After we were done, we climbed into his ratty old truck and headed toward my apartment where I had big plans to put my head under the covers and not get out until the next day. It was a sunny summer evening, and I looked out the window and didn’t see any of it. It took me a few minutes to realize that we weren’t going to my apartment at all. I snapped out of it when I saw that Nordic Boy had parked us at a park.
He got out of the truck, and so did I. I don’t remember if anything was said. I want to say that he grabbed my hand but to tell you the truth I can’t say for sure if he did. We walked in the direction of one of those mammoth playground structures, which was mostly empty at that time of the evening. When we got there, Nordic Boy started climbing. So did I. I don’t know how long it took, but it didn’t seem like long before we had played on every part of that structure. We got on the swings and swung as high as we could and then jumped off. We ran up ladders and down slides. We swung by our arms across vertical ladders. We leaped off one side and skipped up another. We ran around, and ran some more. We laughed that sort of goofy little kid laugh, where you are so out of breath that you can barely get your guffaw out. He started it, and I couldn’t help but join in. There was the part of me- that inner 14-year-old that we all have inside of us- that wanted to cross my arms and sulk and not be moved. But I didn’t want to do that. I wanted to play.
We ran around like this for at least an hour, maybe more. Then we sat on the grass and talked and made silly jokes.
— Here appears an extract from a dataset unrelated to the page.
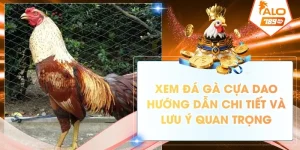 xem da ga cua dao huong dan chi tiet va luu y quan trong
He never asked me what had been wrong earlier. I never said either.
We got back in the truck after the sun went down, and he took me home. Before I got out of the truck, he said something that I will never forget, and I still think about often. I said “thanks, that was fun.” And he said, in that understated, non-dramatic way that he has, as if he is talking about the weather: “I just wanted you to remember who you are. See you tomorrow.” And I felt stunned by this, and I didn’t say anything back, and I got out of the truck, and I went home.
Just like that. Off the cuff he was, easy peasy, see you tomorrow.
I just wanted you to remember who you are.
I don’t know the details of the first conversation we ever had. I don’t remember the first I love yous exchanged, exactly. I don’t remember what we said any time we made formal committments to each other in any way. But I remember that sentence, on an ordinary day, in a year that I’m not 100% sure I can identify. It didn’t have to do with us making a promise. It didn’t have to do with the future. But it was significant. I’ve never forgotten it. And it’s funny, the act of reminding me who I was? Made me see who he was too.